The C.D. Howe Institute released a study yesterday showing that poverty has declined in Canada over the past decade or two.
Contrary to the dismal picture that some recent studies have painted, the income security system is not broken, he [John Richards] says. Policies of the last decade got much right. In 1996, nearly 16 percent of all Canadians fell below the Low Income Cut Off, the traditional measure of poverty in Canada. In 2005, less than 11 percent of Canadians did so. In the same period, the poverty rate among children in female lone parent families fell from 56 to 33 percent; among single men from 38 to 32 percent; among single women from 47 to 37 percent. Among these three vulnerable groups, there was a steady increase in median incomes, primarily due to greater market earnings, not to increases in net transfers....
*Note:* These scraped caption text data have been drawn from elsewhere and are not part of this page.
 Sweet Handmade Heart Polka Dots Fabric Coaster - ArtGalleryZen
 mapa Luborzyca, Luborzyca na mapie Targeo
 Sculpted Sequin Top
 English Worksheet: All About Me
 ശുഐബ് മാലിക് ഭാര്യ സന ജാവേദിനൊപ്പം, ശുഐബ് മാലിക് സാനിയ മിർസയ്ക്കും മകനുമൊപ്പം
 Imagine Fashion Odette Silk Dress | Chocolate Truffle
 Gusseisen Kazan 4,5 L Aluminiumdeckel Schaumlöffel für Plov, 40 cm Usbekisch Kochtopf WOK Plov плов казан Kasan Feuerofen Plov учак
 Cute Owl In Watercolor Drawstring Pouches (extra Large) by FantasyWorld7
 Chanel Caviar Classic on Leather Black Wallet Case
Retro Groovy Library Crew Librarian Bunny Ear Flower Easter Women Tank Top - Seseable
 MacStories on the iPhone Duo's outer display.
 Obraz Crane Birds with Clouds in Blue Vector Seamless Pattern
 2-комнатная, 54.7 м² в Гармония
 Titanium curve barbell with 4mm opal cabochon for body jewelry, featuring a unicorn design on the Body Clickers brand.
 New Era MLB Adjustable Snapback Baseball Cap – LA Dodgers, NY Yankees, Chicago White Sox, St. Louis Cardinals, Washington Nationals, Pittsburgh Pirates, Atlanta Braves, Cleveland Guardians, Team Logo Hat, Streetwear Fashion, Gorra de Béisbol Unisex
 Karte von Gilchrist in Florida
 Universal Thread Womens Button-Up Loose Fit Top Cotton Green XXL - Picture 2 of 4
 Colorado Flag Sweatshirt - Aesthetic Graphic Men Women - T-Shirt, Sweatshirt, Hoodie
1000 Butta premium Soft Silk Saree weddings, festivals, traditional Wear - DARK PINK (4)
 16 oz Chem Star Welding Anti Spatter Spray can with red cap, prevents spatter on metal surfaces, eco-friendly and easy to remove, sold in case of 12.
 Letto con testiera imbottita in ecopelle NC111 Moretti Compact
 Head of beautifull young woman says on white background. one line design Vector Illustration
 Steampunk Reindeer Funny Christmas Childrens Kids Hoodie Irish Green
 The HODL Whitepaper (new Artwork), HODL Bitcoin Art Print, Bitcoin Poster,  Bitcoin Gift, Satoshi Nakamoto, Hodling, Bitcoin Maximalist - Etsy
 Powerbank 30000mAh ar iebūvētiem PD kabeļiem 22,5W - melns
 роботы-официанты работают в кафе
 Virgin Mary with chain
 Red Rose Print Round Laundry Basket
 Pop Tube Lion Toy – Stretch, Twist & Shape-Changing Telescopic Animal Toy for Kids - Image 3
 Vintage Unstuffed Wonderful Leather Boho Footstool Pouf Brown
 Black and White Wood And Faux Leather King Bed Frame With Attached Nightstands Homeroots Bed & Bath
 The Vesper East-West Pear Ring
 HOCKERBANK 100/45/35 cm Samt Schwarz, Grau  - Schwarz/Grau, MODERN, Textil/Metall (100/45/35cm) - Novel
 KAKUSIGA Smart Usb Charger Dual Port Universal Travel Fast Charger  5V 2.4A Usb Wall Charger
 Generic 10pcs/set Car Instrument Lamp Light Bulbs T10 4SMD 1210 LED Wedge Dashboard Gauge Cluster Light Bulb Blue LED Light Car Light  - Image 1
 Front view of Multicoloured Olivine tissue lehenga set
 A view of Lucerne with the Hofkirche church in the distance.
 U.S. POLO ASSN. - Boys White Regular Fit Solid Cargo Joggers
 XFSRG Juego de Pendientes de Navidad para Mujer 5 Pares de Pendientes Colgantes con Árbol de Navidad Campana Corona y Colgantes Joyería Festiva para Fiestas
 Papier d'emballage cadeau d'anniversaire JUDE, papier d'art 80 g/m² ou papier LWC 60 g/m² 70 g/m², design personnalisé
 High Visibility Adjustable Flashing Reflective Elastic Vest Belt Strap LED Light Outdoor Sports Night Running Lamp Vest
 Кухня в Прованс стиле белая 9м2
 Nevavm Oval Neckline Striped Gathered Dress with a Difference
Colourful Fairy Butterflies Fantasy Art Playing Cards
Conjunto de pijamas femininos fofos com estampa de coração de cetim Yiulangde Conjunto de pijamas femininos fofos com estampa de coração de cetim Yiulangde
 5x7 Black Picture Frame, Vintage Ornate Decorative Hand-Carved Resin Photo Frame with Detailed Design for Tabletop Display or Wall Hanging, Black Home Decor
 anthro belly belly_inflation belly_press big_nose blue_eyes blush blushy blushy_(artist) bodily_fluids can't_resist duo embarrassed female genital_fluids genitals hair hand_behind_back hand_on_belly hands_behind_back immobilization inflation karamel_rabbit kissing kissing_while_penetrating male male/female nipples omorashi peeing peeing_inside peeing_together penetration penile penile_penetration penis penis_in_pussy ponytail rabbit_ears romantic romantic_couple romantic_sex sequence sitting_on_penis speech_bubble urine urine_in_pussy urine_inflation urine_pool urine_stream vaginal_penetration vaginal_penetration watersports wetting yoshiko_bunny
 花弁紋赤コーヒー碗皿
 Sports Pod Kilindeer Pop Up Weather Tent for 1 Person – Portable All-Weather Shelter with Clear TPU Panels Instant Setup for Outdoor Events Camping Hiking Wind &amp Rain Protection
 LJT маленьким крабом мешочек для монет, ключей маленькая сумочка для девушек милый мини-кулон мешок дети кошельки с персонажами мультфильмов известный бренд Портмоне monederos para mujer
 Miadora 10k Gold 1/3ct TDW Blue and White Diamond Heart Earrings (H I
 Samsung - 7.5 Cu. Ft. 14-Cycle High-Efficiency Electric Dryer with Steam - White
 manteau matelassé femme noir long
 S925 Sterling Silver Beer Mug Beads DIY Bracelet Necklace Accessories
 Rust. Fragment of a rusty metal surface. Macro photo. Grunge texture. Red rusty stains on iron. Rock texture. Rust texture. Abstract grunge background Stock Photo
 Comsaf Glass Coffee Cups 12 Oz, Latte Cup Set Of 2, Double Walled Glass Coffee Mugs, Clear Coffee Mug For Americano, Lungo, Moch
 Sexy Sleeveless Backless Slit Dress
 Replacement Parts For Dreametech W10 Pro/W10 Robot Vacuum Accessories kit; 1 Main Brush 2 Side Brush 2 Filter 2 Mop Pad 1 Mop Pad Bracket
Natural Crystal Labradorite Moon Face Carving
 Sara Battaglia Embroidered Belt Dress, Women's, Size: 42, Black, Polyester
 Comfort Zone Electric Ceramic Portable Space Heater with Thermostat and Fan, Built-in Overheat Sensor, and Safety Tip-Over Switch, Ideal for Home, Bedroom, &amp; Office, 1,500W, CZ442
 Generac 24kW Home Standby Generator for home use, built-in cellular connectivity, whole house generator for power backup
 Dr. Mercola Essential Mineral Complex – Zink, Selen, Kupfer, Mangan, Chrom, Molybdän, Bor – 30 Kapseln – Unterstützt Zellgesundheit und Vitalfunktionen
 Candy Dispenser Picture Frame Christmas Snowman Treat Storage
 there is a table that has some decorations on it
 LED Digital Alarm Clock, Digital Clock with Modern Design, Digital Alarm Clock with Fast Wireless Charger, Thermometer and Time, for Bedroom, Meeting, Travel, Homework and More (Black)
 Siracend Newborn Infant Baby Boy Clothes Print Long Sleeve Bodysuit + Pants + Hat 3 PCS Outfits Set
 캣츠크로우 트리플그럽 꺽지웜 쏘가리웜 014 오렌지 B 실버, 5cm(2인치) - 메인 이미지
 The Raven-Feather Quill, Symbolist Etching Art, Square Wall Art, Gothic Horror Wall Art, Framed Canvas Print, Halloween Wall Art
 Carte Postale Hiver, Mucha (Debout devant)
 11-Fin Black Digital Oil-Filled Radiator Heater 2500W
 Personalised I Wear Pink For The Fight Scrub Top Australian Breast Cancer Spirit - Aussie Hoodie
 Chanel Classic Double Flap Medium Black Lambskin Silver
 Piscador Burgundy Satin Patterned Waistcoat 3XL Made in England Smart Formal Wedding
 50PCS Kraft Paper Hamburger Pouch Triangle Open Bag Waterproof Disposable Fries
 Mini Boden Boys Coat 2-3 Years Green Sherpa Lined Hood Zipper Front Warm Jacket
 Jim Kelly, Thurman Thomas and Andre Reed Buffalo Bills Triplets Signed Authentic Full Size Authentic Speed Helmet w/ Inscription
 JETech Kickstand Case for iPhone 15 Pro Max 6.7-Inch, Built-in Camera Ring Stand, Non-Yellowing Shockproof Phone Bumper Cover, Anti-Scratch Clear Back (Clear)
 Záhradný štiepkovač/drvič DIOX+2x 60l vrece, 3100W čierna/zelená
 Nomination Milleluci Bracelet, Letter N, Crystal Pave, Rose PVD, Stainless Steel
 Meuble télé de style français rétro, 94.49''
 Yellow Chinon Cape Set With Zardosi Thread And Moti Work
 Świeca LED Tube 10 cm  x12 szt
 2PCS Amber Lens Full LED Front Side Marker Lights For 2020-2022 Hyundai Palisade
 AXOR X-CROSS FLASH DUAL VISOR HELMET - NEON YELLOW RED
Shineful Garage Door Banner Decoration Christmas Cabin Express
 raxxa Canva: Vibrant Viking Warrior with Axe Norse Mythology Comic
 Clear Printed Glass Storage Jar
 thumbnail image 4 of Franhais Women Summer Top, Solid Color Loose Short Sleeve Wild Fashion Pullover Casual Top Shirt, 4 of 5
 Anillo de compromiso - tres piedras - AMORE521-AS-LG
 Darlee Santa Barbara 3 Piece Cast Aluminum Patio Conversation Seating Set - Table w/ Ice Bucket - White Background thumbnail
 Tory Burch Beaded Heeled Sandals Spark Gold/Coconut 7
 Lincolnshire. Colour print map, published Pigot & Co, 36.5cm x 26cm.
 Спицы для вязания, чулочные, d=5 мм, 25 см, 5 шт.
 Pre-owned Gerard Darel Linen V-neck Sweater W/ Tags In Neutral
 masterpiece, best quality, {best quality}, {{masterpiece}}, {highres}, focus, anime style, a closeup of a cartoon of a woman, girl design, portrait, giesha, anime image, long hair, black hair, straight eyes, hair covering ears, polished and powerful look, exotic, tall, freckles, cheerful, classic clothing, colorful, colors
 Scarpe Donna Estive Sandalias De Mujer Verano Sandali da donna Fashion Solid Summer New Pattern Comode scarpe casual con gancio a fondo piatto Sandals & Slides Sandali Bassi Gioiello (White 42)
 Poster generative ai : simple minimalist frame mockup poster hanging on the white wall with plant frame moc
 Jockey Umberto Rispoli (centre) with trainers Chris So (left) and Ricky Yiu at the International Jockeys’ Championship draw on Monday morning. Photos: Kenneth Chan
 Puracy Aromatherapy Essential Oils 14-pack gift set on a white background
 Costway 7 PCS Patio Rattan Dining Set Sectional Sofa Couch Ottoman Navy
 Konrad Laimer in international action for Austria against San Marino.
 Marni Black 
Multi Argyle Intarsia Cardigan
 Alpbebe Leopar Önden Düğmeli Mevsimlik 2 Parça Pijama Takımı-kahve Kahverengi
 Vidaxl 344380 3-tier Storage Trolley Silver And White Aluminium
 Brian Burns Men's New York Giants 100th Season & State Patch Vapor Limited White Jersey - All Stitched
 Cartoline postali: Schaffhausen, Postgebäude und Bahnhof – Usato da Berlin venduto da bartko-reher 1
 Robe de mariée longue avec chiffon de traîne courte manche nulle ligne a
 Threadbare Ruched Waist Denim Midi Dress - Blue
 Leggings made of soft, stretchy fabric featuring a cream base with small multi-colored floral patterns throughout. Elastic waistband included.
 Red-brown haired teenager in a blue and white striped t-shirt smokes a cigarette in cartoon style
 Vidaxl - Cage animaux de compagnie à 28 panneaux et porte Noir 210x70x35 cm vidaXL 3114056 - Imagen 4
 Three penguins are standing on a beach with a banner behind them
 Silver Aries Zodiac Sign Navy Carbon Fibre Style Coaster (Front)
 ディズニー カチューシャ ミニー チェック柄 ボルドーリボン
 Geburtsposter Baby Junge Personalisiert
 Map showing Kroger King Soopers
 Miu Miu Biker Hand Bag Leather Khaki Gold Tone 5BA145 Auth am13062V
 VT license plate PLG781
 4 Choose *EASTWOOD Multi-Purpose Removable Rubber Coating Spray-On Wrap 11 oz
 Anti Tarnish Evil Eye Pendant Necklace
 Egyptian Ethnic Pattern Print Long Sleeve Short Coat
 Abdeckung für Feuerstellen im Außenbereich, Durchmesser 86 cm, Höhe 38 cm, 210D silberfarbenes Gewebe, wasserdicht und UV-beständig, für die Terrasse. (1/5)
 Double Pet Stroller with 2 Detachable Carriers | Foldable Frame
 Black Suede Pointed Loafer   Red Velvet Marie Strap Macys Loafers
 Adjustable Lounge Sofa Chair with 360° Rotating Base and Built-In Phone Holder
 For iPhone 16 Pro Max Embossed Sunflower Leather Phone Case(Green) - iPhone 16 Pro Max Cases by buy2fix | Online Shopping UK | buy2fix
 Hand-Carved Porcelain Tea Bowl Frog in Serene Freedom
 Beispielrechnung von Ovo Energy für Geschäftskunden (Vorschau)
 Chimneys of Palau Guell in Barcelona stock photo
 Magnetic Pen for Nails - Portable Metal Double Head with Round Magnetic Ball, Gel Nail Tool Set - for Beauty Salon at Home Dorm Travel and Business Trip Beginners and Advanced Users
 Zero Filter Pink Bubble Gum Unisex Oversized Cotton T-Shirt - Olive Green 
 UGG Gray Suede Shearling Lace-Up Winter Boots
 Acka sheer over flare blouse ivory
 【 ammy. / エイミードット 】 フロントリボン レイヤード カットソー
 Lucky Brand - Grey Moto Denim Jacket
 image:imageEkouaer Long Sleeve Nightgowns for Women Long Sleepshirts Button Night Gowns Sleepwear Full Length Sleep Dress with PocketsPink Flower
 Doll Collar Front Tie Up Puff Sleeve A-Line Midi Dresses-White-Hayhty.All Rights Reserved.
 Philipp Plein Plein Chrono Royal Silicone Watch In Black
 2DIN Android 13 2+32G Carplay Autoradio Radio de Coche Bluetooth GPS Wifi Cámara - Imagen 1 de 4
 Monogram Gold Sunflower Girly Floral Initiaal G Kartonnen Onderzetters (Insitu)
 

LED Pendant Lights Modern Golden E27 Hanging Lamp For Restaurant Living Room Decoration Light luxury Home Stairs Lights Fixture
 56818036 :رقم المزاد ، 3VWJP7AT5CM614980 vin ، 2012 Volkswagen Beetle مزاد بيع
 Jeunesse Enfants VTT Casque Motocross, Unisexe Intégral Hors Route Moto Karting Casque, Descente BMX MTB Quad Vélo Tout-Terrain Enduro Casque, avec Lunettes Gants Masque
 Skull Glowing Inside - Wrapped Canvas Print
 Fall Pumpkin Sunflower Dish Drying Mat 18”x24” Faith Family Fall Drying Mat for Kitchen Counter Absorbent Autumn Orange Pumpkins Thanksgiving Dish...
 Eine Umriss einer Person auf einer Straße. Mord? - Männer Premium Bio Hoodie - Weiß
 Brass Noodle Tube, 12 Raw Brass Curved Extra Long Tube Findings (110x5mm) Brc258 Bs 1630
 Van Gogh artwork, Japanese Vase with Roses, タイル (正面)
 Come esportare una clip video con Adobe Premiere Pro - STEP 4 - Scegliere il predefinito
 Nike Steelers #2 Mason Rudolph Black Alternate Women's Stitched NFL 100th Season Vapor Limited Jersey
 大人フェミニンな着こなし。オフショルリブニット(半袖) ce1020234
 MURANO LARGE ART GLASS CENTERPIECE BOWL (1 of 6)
Professor Richards concludes that the impact on employment among those at high risk of incurring poverty should always be a consideration when assessing proposed policy reforms, and policies that create greater incentives to enter the workforce make sense.
While the overall poverty situation is improving in Canada, there are still pockets of poverty that appear resistant to policy interventions, he notes. He identifies six dossiers that require attention: education among the poor; Aboriginal poverty; the mentally ill and physically handicapped; those living in ghetto-like urban neighbourhoods; high effective tax rates on the “near poor”; and in-work benefits (such as earning supplements).
Refined interventions are required, not broad new transfer programs, he concludes.